Jim I tend to agree with Winton's 'no market test' comment.

With the greatest respect for all the worker bees, they operate in a climate of no responsibility. I am certain that the individuals are just as capable and willing as their private sector counterparts, but in the end result, failure means nothing, whereas to fail in the private sector goes as deep as bankruptcy, let alone loss of job, and maybe continuing legal/credit stigma.

I don't mean moving sideways to the unattached list, or just never being promoted; I mean out on the street, hoping for further gainful employment, ever again, failure.

The Public Service is the epitome of 'moral hazard' writ large. No concept of failure ever entertained; just move on, hopefully something learned, dreadfully sorry for your losses. We've learned a lot (at your expense).
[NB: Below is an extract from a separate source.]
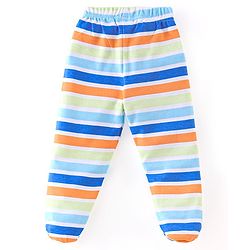 Babyhug Cotton Knit Footed Bootie Leggings Bunny Printed  Pack of 3 - Blue & Peach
Wish I'd had that luxury, even just once, in several misadventures. Aymever comes to mind here - for which I admire your spirit, and empathise with the result.

kvd

Jim Belshaw said...

How interesting, kvd, and how wrong. Things just don't work like that in either public or private sector. Very precisely, they may but in most cases do not.

Over a third of the staff where I now work are temps, on secondment or contractors. They have no security. My sister in law has just been retrenched from a not for profit.

I am going to have to write something on this, but not tonight. I feel that some undergrowth needs to be cleared.

Anonymous said...

"Over a third of the staff where I now work are temps, on secondment or contractors. They have no security. My sister in law has just been retrenched from a not for profit."

Perfect (real world) definition of the "efficiency dividend". I am very sorry, but not surprised.

I am left wondering how the PS heads bite their tongues any time that is mentioned. Year on year...

kvd

Jim Belshaw said...

Will try to write that post, kvd.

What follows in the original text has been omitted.